— Ты не знаешь, что будет потом, — сказала Зоя, украшая браслетом лапу голубой норвежской ели. — Никто не знает.
— В смысле, никто не хочет знать. Никто не желает. Долгий мрачный путь, который одолеваешь, зажмурившись и заткнув уши. Но дело не в том, куда едешь, а в том, что после себя оставляешь. Вот мусульманин…
— Ты уже рассказывал, папа.
Арчи, произносивший слово так, будто на свете был только один мусульманин, упрямо продолжил:
— Вот мусульманин говорит, что человек должен выкопать колодец для грядущих поколений. Мне это нравится. Ей-богу.
Он уже выкопал свои колодцы — построил мосты, за границей руководил возведением двух плотин. Никому не приходилось уговаривать его засучить рукава.
— Никто не знает, — упорствовала Зоя. — Это великая тайна.
— Положим, но…
Зоя ждала окончания фразы, однако за «но» никогда ничего не следовало.
— Возьми свою мать — она тоже в это не верила. Например, кто-то жалуется, что его изводят призраки. Так вот мать твоя обещала: если загробная жизнь существует, она не станет мне являться. Значит, если вдруг вижу ее призрак, сразу понимаю — мерещится.
— А ты видишь?
Вздохнув, Арчи сел в свое любимое кресло. Откинувшись на спинку, разбросал ноги и вперил взгляд в какое-то пятнышко на стене.
— Повсюду, — помолчав, сказал он.
Зоя бросила наряжать елку и, подсев к отцу, положила голову ему на колени. Арчи перебирал ее пряди, словно она опять была маленькой.

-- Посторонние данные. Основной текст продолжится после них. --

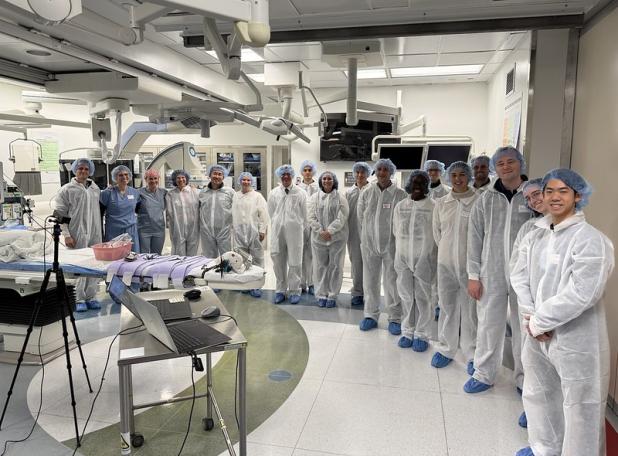 Group of faculty and students in semi-circle in white jumpers in hospital surgical room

— Повсюду. Еще года три доставал из буфета две чашки, готовя чай. Все время она была рядом. Вылезаю из ванны — она подает полотенце. Увижу что-нибудь смешное по телику и говорю ей — это ж надо! Она была повсюду.
— Папа…
— А потом, как ни старайся, видения блекнут, и тебе все труднее вспоминать. Иногда что-нибудь никак не вспомнишь. От елки мне радостно и горько, но… Ладно, иди заканчивай.
Арчи любил, чтоб все было сделано до конца.
Нарядив елку, Зоя помогла ему упаковать чемодан, хотя, в общем-то, он уже все собрал.
— В семь утра Джейк за тобой заедет. Эрику и Биллу сказал?
— Он очень любезен. Не стоило беспокоиться.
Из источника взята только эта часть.